The Provincial Land Office of Maryland was responsible for distributing land from 1634 to 1777 on behalf of the Lord Proprietor. Land owners acquired their plots by means of a warrant, followed by a patent. Information concerning these land records is found in the Warrants and Patents series of the Provincial Land Office located at the Maryland State Archives. The late Peter Wilson Coldham indexed the records in his five-volume series Settlers of Maryland, published by the Genealogical Publishing Company.

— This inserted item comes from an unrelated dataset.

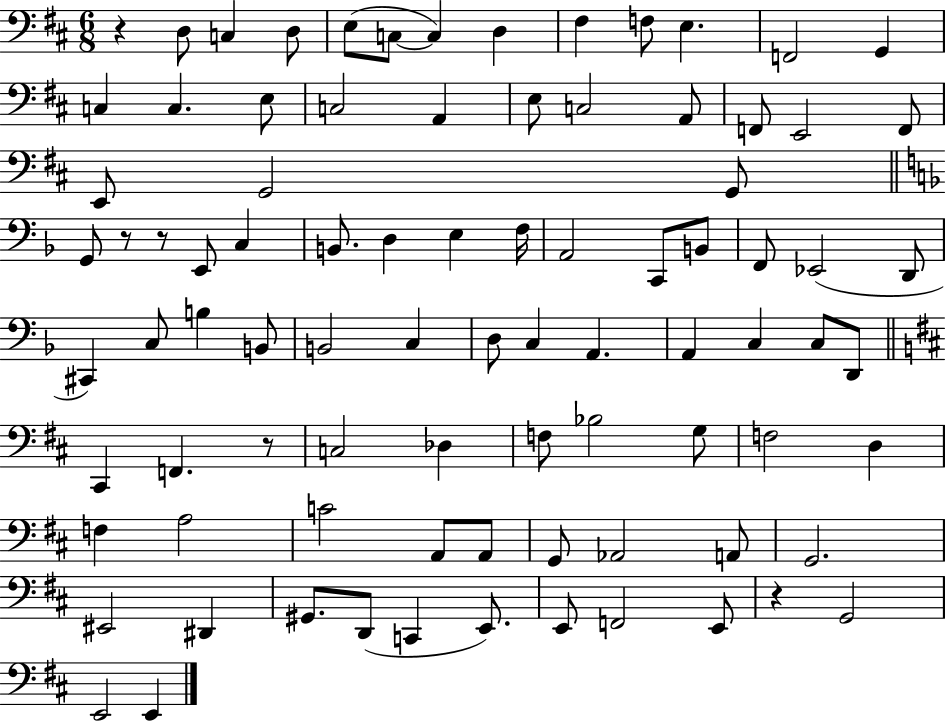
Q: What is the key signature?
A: D major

Owing to England’s “Glorious Revolution,” the Lord Proprietor’s personal hold on land affairs was much weakened during the period from 1689 to 1715. However, it was immediately revived when his proprietary rights were restored in 1715 (Hartsook and Skordas, Land Office and Prerogative Court Records). The Lord Proprietor’s rent rolls and the debt books, the means by which the Lord Proprietor kept track of the rents due him, both commence in 1715 (though some are no longer extant).

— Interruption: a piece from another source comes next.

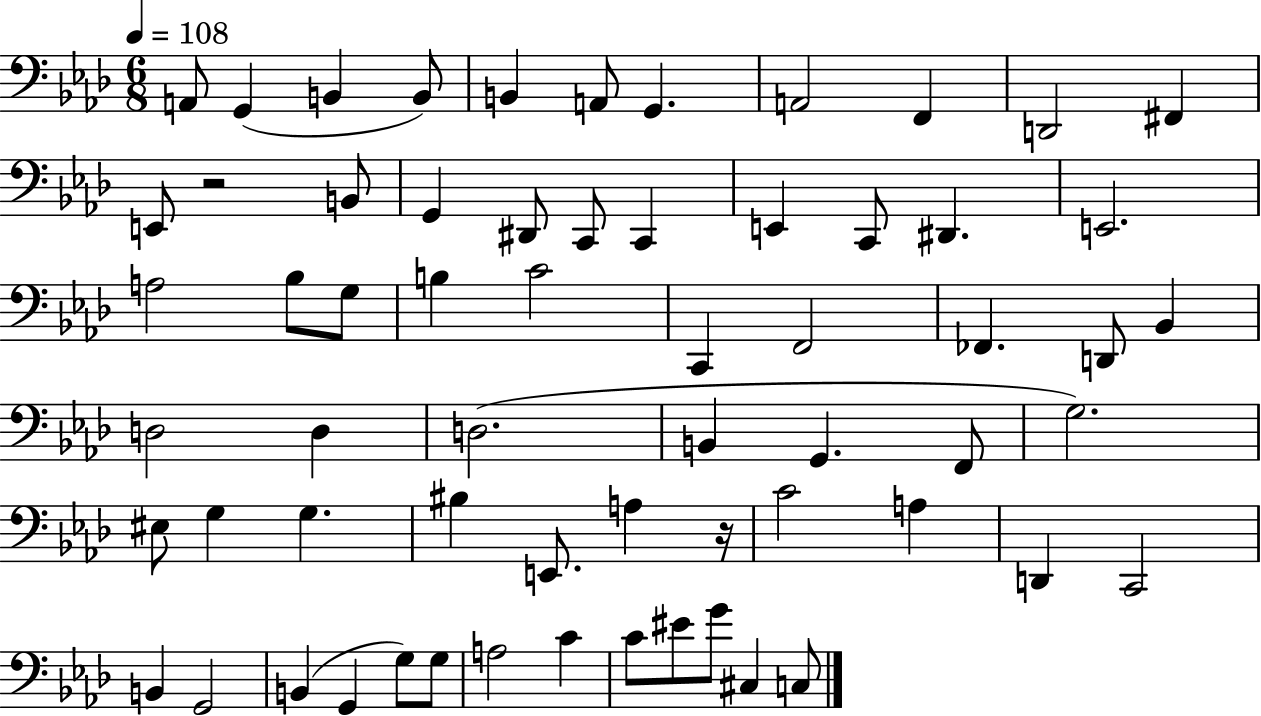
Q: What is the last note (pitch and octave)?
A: C3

Each piece of land granted by the Lord Proprietor was subject to a yearly rent according to the terms of the patent. The surviving rent rolls consist of entries for each tract of land patented, plus the name of the person for whom the land was originally surveyed, the present owner, the acreage, and the rent. Alienations, or subsequent sales and leases of the piece of land, are also included.
The debt books list persons owning land, giving the names of the parcel(s) and the acreage of each tract that the person owned for each year rent was collected. They are arranged by county, by year, and then by the name of the person paying the rent. The great value of the Provincial Land Office debt books is that they enable the genealogist to track land ownership over various years in cases of intestate estates, land inherited by women, and land that is not specified in a will.
Frederick County’s debt books are extant for 1750 to 1773, with breaks. The information in this series is presented in a tabular form as follows: liber and folio citation, with any pertinent date; name of the person paying the taxes; and name of the tract of land and amount of acreage. Each Frederick County volume is indexed by the name of the land owner and his/her track, and, on average, each volume identifies about 10,000 parcels of land. Mr. Skinner notes that the debt books reveal that, besides Frederick County itself, landowners resided in seven other Maryland counties, four other colonies, and the city of London. Researchers should note that Frederick County record clerks indicated the town of ownership until 1772, when there was no mention of towns. Also owing to the fact that Frederick County was carved from Prince George’s, the author has repeated the 1750 entries in both his Prince George’s volumes and those for Frederick.